In the food and beverage industry, including in breweries and distilleries, ensuring absolute precision in each part of the process from measuring and weighing to mixing and packaging is critical. Any changes to any of these elements create variations between batching and inconsistency in taste, texture and even in quality.
Even simple changes in the quality of water can create changes in flavor in a recipe. Water quality can and does change over time, and there may even be changes in the pH or hardness, which is actually a measurement of the calcium carbonate in the water. Additionally, issues with residual cleaners or sanitizers with systems can also create challenges with inconsistent products.
How to Test Water
One of the easiest ways to check for water quality at any time during production or between production batches is to use water test strips. The are simple and easy to use to test the water pH or hardness in just seconds with accurate, semi-quantitative results.

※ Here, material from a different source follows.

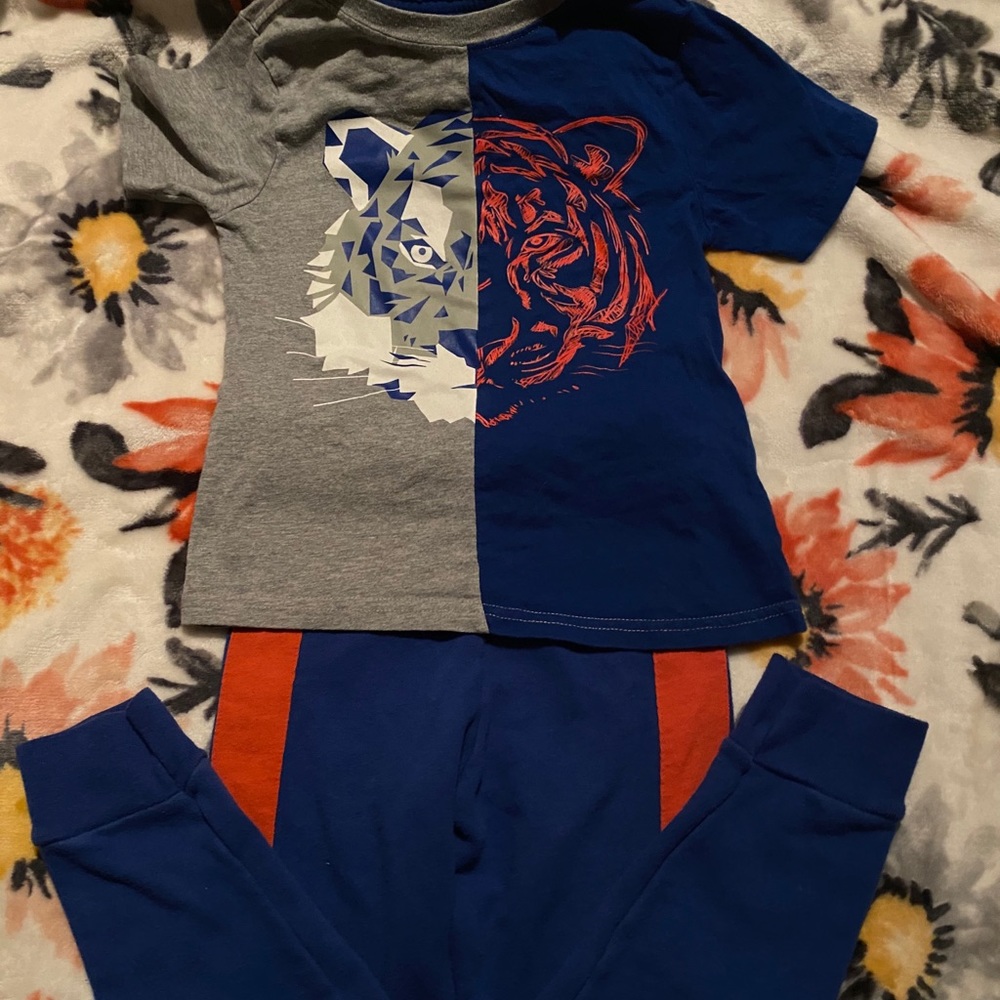 Boys outfit!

To use the strips, simply follow the manufacturer’s directions. This typically includes placing a drop of water on the test pad or immerse the indicator pad into the sample. For water hardness, it is important to test after any water softening process.

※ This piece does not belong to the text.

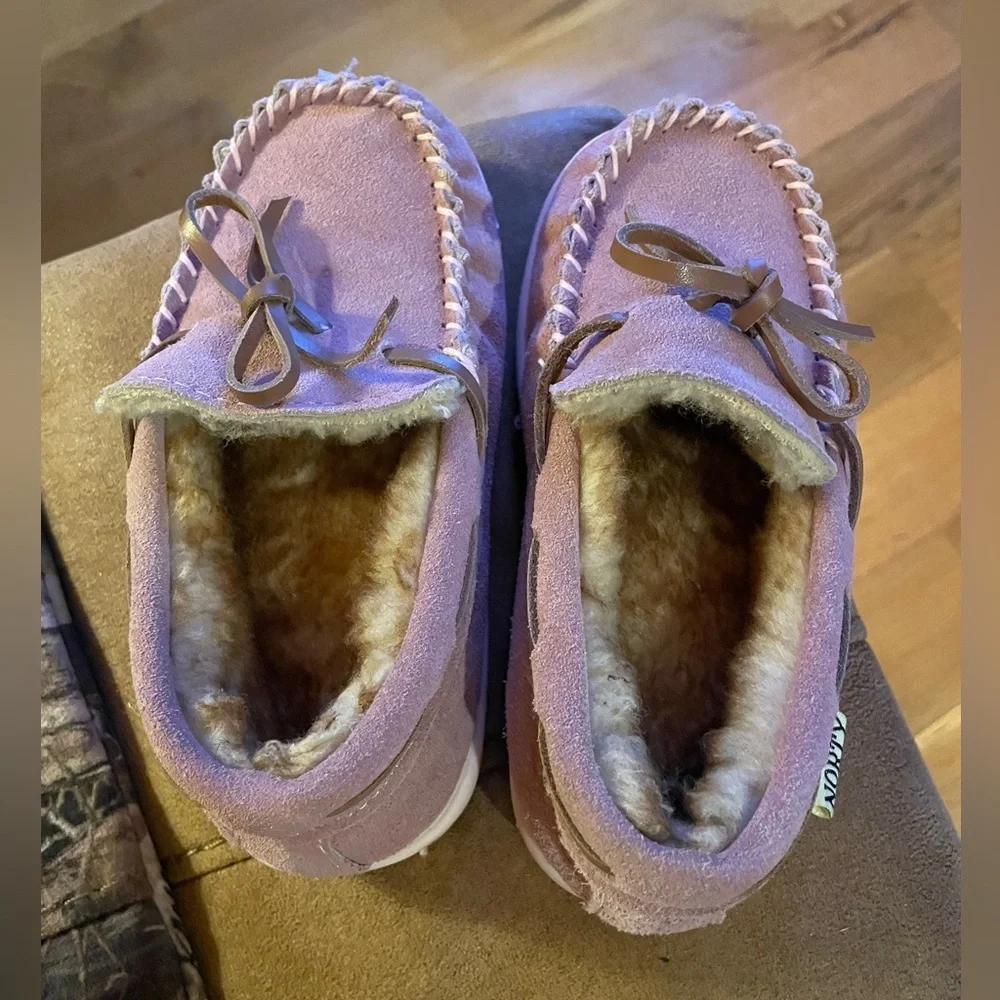 Norty pink lined slippers kids size 13 like new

Then, within just seconds, the indicator pad will turn colors. Compare the color to the references on the bottle for a reading of the pH or hardness depending on the type of water test strips in use.
Testing for Residual Cleaners
With clean-in-place processes or even with clean-out-of-place systems, checking there is no residual detergent or cleaner in the system is critical for product quality. Specialized test strips are designed to check for the various types of cleaning chemicals, including Quaternary Ammonium Compound or QAC Sanitizers that are mandated in many food and beverage production systems.